There are few active compounds against ATC; the combination of doxorubicin and cisplatin has been the standard for many years. At the present time, paclitaxel plus a platinum compound (often carboplatin) also appears to have efficacy. With regard to biological drugs, axitinib, combretastatin A4, sorafenib and imatinib have been tested in clinical trials, with encouraging activity.

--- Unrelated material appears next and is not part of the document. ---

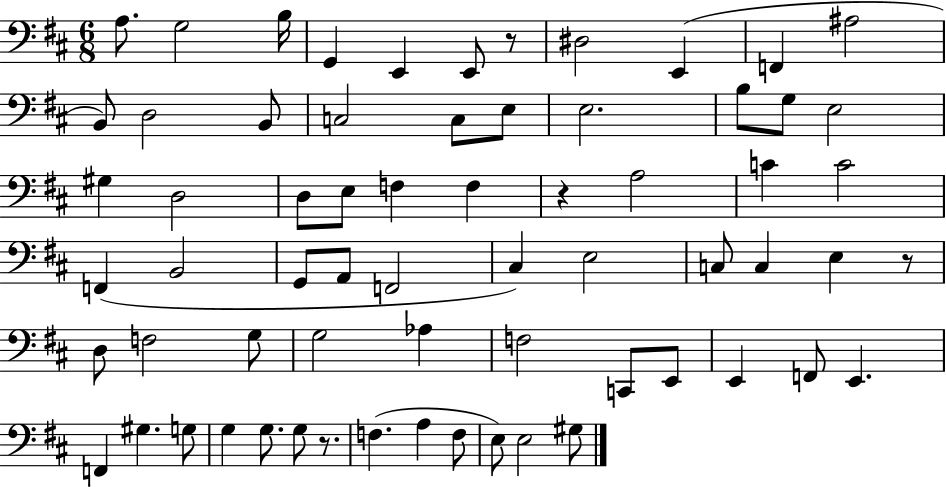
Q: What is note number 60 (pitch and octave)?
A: E3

The results from several ongoing clinical trials on ATC will hopefully expand the limited therapeutic armamentarium for this deadly disease. A number of thyroid trials have been conducted: combretastatin, sorafenib, pazopanib and AG-013736 (phase II), and PPAR-γ agonist (CS-7017) þpaclitaxel (phase I/II). Four clinical trials were open in Europe (sunitinib, pemetrexed, þpaclitaxel and bevacizumab þdoxorubicin), without preliminary data. The tyrosine kinase inhibitor axitinib also yielded no responses in two treated ATC patients. Gefitinib, an epidermal growth factor receptor–targeted kinase inhibitor similarly produced no responses in five treated ATC patients although one had stable disease for 12 months. However, in a trial of the kinase inhibitor imatinib, two of eight evaluable patients attained a partial response.8
The success of treating ATC will probably require approaches that may involve a comprehensive molecular analysis combining genomewide screening with high throughput screens for druggable targets. Individualised combination therapies that maximally inhibit major pathways and signalling nodes at multiple genetic and epigenetic levels, possibly incorporating developing delivery systems such as gene and virus therapies, and nanoparticles, will hopefully improve the outcome for patients with ATC.45–47
In the last few years, the management of thyroid nodules and thyroid cancer has changed with new perspectives for the future. First, with the implementation of a consensus and a guideline for the management of thyroid nodules and thyroid cancer. Second, with the consideration of a more conservative approach for most patients with thyroid nodules that are cytologically indeterminate on FNA and benign according to gene-expression classifier results. Third, with the results of two studies that propose the use of recombinant human TSH and low 131I dose, 30 mCi (1.1 GBq) for post-operative ablation that may be sufficient for the management of low-risk thyroid cancer. Four, with the knowledge of genes, coding the signalling cascade proteins that are mutated or aberrantly expressed in thyroid cancer. This ability to investigate tumour biology would allow for the selection of different drugs. As consequence, several potential targets for therapy have been defined in DTC, MTC and even in ATC, and these drugs represent new therapies for advanced thyroid carcinoma.